It seems the Happy Days universe was inflicted by the gauntlet of Thanos. How does a character like Chuck Cunningham played by three different actors just vanish into thin air by season two? Both Gavin O’Herlihy and Randolph Roberts played the character in the TV series.
Happy Days was indirectly spawned from the anthology show Love, American Style on ABC. In the “Love and the Happy Days” pilot, Chuck was played by Ric Carrott. Based on that single episode it led to George Lucas casting Ron Howard as the lead in his 1973 film American Graffiti, causing ABC to take a renewed interest in that episode.
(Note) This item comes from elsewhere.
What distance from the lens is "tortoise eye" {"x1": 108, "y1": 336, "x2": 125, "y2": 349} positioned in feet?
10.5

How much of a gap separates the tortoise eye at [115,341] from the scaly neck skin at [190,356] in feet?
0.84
From the beginning, Chuck Cunningham was a resident of the Cunningham household. And just like that, he was whipped out of the memories of every single citizen in Milwaukee in the 50s on the same day that Marty McFly travels to the past. The universe giveth and taketh in the same stroke.
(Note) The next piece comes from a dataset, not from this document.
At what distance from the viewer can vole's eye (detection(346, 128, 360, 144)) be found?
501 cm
The Cunningham family went about their business for the next nine seasons without a care knowing there were only two siblings that came from the Cunningham family. I hope Chuck paid his Arnold’s Diner tab before he vanished.
Jumping the Shark was not the only idiom that came out of the 70s greatest show, you can also add Chuck Cunningham Syndrome to that list. It refers to a character who disappears from a show without any explanation.
Makes me wonder, did Thanos have a hand on the two different Darrins on Bewitched, or was it a spell cast by the Scarlet Witch? That is a story for another day.

Dribbling Chuck Cunningham just vanishes
Chuck was a rarely seen “Happy Days” character who disappeared without explanation after Season 2, his disappearance giving rise to the pejorative term “Chuck Cunningham Syndrome” to describe TV characters who were dropped from shows without any In-Universe explanation or sendoff, with later episodes of the show scripted as if the character had never existed. The most popular explanation for his absence is that he went off to college on a sports scholarship. Fonzie became a regular character as a big brother to Richie and his friends, effectively replacing Chuck in the little role he had in the series. In the final episode of Season 11, Howard comments that he’s proud of his “two kids,” indicating that Chuck never existed.